The Code: A Guide to Health and Human Performance

51. Tolos Bare Footwear | Evan Ritt

The Code: A Guide to Health and Human Performance with Evan Ritt 2023-01-17

Summary

Former college hockey player Evan Ritt joins Dr. Andrew Fix to discuss his journey from competitive athletics to founding Tolos, a barefoot shoe company focused on bridging the gap between performance and aesthetics. Ritt's body broke down during his playing career, and discovering barefoot shoes became a key part of his recovery. The conversation explores the history of elevated-heel shoes (originating from horse riding stirrups), why conventional footwear restricts natural foot movement, and how the aesthetics barrier prevents wider adoption of minimalist shoes. Both host and guest discuss how once you adapt to barefoot-style shoes, going back to conventional footwear feels claustrophobic and uncomfortable. Ritt emphasizes that the goal isn't just selling shoes but getting people to spend as much time barefoot as possible.

Key Points

  • Barefoot shoe features: wide anatomical toe box, zero heel drop, thin flexible sole
  • The aesthetic barrier is one of the biggest obstacles to barefoot shoe adoption
  • Elevated heels in shoes originated from horse riding stirrup design, not foot health
  • After adapting to barefoot shoes, conventional footwear feels claustrophobic and restrictive
  • Foot strength follows use-it-or-lose-it principle -- shoes that restrict movement weaken feet
  • Podiatric issues are rare in populations that don't wear structured modern shoes
  • The ultimate goal is spending more time actually barefoot, with shoes only for protection

Key Moments

Key features that define a barefoot shoe

Evan breaks down the three essential features of a barefoot shoe and why each matters for natural foot function.

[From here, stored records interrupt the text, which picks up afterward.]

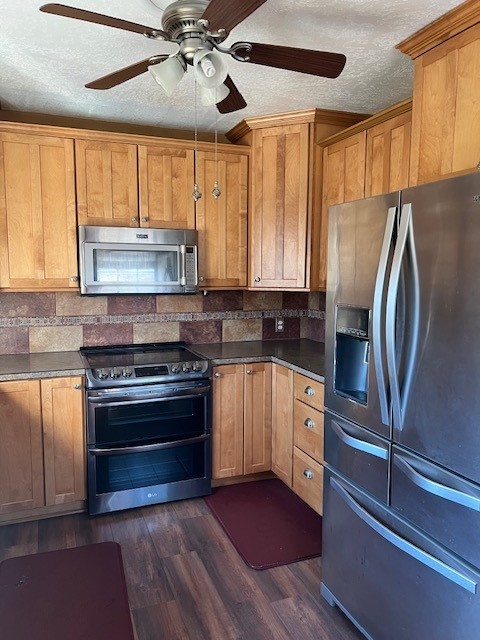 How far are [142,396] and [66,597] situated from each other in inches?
57.1

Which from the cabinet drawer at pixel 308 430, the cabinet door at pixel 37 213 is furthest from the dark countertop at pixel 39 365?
the cabinet drawer at pixel 308 430

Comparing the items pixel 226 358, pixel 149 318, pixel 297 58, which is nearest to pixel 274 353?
pixel 226 358

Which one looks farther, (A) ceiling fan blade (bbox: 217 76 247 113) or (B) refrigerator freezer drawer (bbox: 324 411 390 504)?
(A) ceiling fan blade (bbox: 217 76 247 113)


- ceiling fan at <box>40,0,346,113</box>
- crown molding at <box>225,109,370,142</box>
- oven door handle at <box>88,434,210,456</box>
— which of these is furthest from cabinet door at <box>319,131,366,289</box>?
oven door handle at <box>88,434,210,456</box>

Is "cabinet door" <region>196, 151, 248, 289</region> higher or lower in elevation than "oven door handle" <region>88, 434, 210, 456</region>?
higher

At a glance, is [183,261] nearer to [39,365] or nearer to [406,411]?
[39,365]

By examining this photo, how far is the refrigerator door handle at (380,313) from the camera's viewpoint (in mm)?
1567

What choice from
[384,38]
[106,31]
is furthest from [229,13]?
[384,38]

"What makes a barefoot shoe is the wide toe box that's anatomically correct where the big toe is the highest point of the shoe where most non-barefoot shoes come to a point in the middle. It's flat, zero drop. And then lastly, it's thin and flexible, so it moves anatomically."

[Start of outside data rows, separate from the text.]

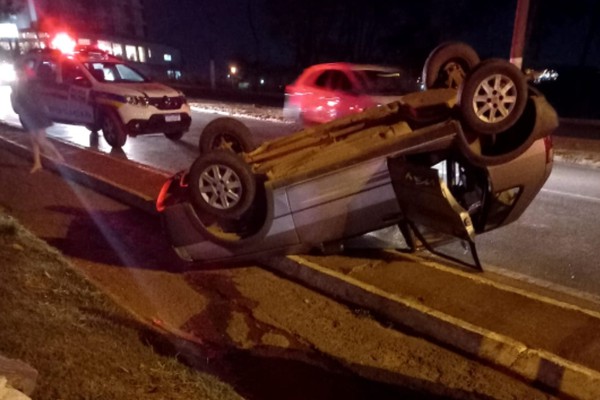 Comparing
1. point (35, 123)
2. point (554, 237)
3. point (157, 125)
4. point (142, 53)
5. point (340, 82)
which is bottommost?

Conventional shoes feel claustrophobic after barefoot adaptation

Dr. Fix describes how after years of wearing minimalist shoes, putting on old cleats and dress shoes now feels unbearably narrow and restrictive.

"At the time, when I bought them, they didn't feel too narrow, but my gosh, they feel so narrow and uncomfortable now because I've been wearing these types of shoes basically exclusively for the past handful of years. So I'm totally on board with the message that you're sharing and the information that you've got here. So I just commend you for bringing another option for people into the market, trying to mesh that"

Aesthetics as the biggest barrier to barefoot shoe adoption

People understand the functional benefits of barefoot shoes but resist switching because they don't like how most options look compared to mainstream brands.

"One of the barriers that I encounter when I'm trying to encourage clients of mine or friends or family to start to move more towards this style of footwear is I feel like they understand the function and the rationale. However, they don't like the way that a lot of them look."